People with more than Rs 10 lakh annual income may not get the tax relief originally proposed in the Direct Taxes Code, as the Finance Ministry is for tweaking slabs across the board to offset concessions elsewhere.
Under the first draft of DTC -- which when implemented will replace the archaic Income Tax Act, 1961 -- income of Rs 10 lakh to Rs 25 lakh was to attract tax at the rate of 20 per cent, but the final draft expected by June 15 may propose slapping 30 per cent tax on any income above Rs 10 lakh per annum, according to sources.
This is to make up for the possible concessions the ministry may extend in other areas like exempting long term savings from tax at the time of withdrawal and the way Minimum Alternate Tax is calculated, sources said.
As such, the relief on highest tax slab would not be much, since under the present regime too, 30 per cent tax is imposed on income of more than Rs eight lakh a year.
Sources said the ministry is reworking the August 2009 draft following feedback from stakeholders. Under this, the 10 per cent tax proposed on income up to Rs 10 lakh may now stand scaled down to Rs five lakh a year.
And income of Rs five-10 lakh a year would attract 20 per cent tax, although the first draft proposed slapping this rate on Rs 10-25 lakh income.
However, the threshold level of income that is exempt from tax may be raised to Rs two lakh from Rs 1.6 lakh at present. The first draft had propopsed retaining the threshold limit at Rs 1.6 lakh.
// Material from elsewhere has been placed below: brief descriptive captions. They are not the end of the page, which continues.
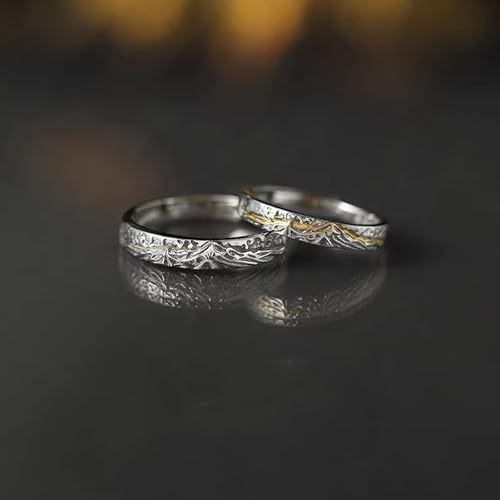 Bague réglable fiançailles personnalisable couple argent 925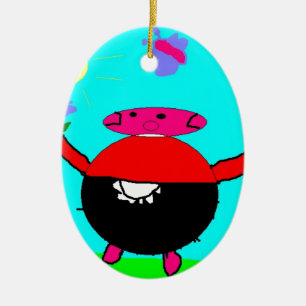 pig with flower & butterfly in sun, art by kids :) ceramic tree decoration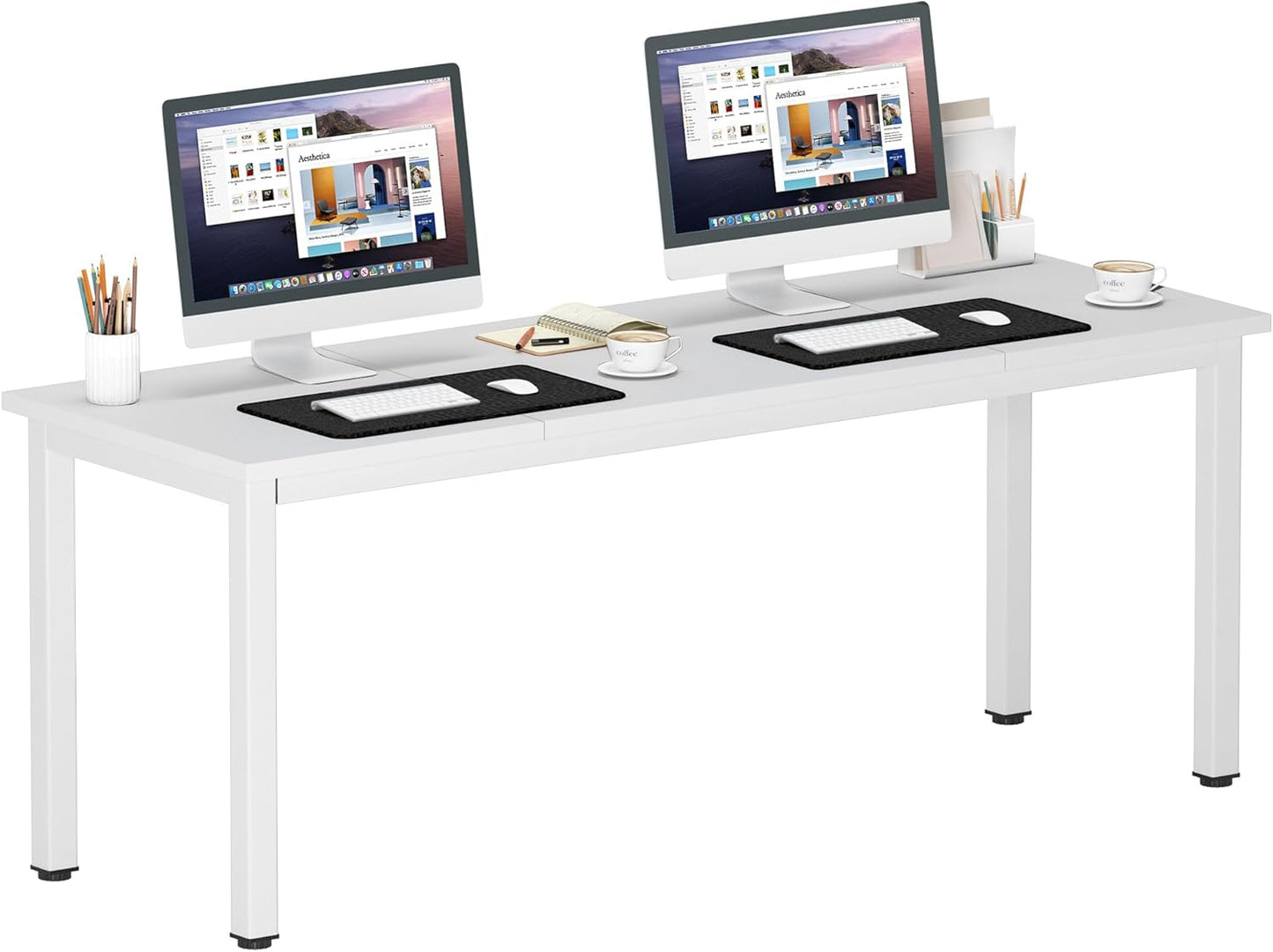 DlandHome 71 inches X-Large Computer Desk, Composite Wood Board, Decent and Steady Home Office Desk/Workstation/Table,White,23.6Wide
Sources said the government has to generate tax revenue for meeting its expenses and it might yield to the "genuine" demand of MAT being imposed on book profits rather than on gross assets as suggested in the first draft.
"Gross assets also include the debt portion of a company and it is highly illogical to tax debt," said a source.
MAT is a tax imposed on profit making companies who do not fall under any tax because of various exemptions.
Further, the ministry might also agree to retain the current provision of following exempt-exempt-exempt (EEE) model for long term savings like provident fund and pension, instead of changing to exempt-exempt-tax (EET). EET model implies that tax would be imposed on long term savings at the time of withdrawal.
On tax exemptions on home loans, on which the first draft is completely silent, sources said that there might be no rebates in the second draft as well, since the individual tax exemption limit on savings like insurance and others is proposed to be hiked to Rs three lakh from the current Rs one lakh.
"This more than compensates" for doing away with tax rebates on the housing loans, the source said.